Moses sought to bring the children of Israel into the presence of God, through the power of the priesthood, but he could not. In the first ages of the world they tried to establish the same thing: and there were Eliases raised up who tried to restore these very glories, but did not obtain them.” (Teachings of the Prophet Joseph Smith, 159)
Moses did himself get into the presence of God, and he also led seventy elders who were so instructed and prepared that they could go into the presence of God to communicate with him; (Ex. 24:9-11) but the people were afraid of God, and when the Lord appeared to them on Mount Sinai, when they heard the thunders and saw the lightning and felt the mountain quake, (Ex. 19:16-20) they said to Moses, do not let the Lord speak to us any more lest we his people die; but do thou speak to us and be mouthpiece. (Ex. 20:18-21) They were not prepared to come into the presence of the Lord; they were not sufficiently pure, neither did they understand the laws and principles which God had communicated. But they murmured and murmured and that continually (Ex. 16:2, Num. 14:26-27) the same as we do. We see something of the same spirit, we are found sometimes murmuring against God, or at least against some of the revelations he has given unto us, or against the priesthood, and in many instances without cause. (Journal of Discourses, 21:241)
Exodus 24:3 all the people answered with one voice, and said, All the words which the Lord hath said we will do
An important part of covenant making is that we agree to be obedient. Our declarations to be obedient take a couple of forms. One is baptism, the second is in the temple when we bow our head and say, “yes.” In both instances, we make a solemn declaration to the world, to God, to angels, and to whoever witnesses the ordinance that we have agreed to be obedient.
The tragedy of that open declaration comes when we fail to keep our word. The Israelites were not able to keep their promise to be obedient to the Law of Moses. At the judgment day, they could be exposed to the full force of the law of justice. God might say, “Do you remember that you promised to keep my commandments? Do you now stand before the judgment bar of God and pretend to deny that you disobeyed my laws and trampled upon the covenants?” What justification or rationalization is going to be enough at the judgment bar? We know what happened to the children of Israel, how they worshipped idols and forgot the God who brought them through the wilderness. What about us? We have made similar covenants. We have had great blessings and the promise that God will bring us through the wilderness of mortality into His Promised Land if we will be obedient. Herein lies the power of the covenant; both to bind us to the Lord and to bind us to the justice of God’s judgment—a sobering thought.

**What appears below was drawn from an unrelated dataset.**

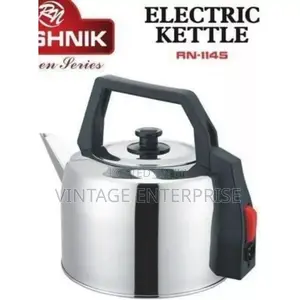 Rashnik Automatic Electric Kettle .(5.7 LTRS )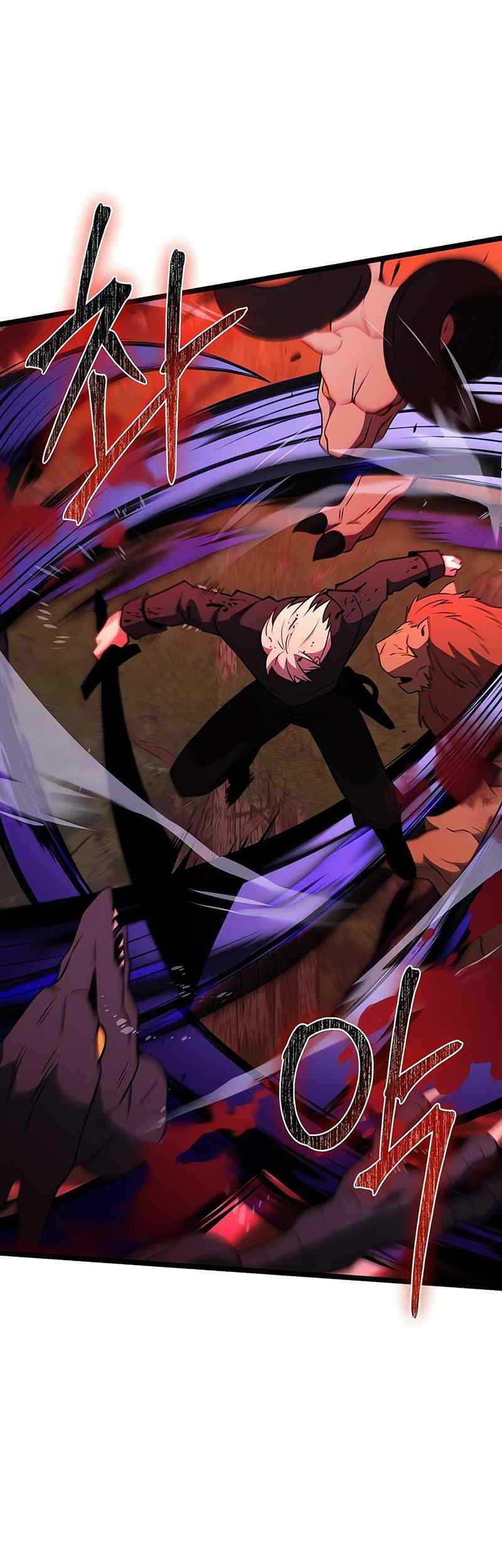 Terminally-Ill Genius Dark Knight Chapter 45 Gambar 52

Exodus 24:7-8 Moses took the blood, and sprinkled it on the people, and said, Behold the blood of the covenant
We might think this a little strange, that Moses would sprinkle blood on all the people. Does that symbolism bother you? The people could not be cleansed from sin unless there was some shedding of blood. Prior to Jesus’ atoning sacrifice, that blood could only be represented as the blood of beasts. Of course, this foreshadows the Messiah’s redemptive role. As Paul taught the Hebrews who had studied Exodus from childhood:
For when Moses had spoken every precept to all the people according to the law, he took the blood of calves and of goats, with water, and scarlet wool, and hyssop, and sprinkled both the book, and all the people,
Saying, This is the blood of the testament which God hath enjoined unto you.
Moreover he sprinkled with blood both the tabernacle, and all the vessels of the ministry.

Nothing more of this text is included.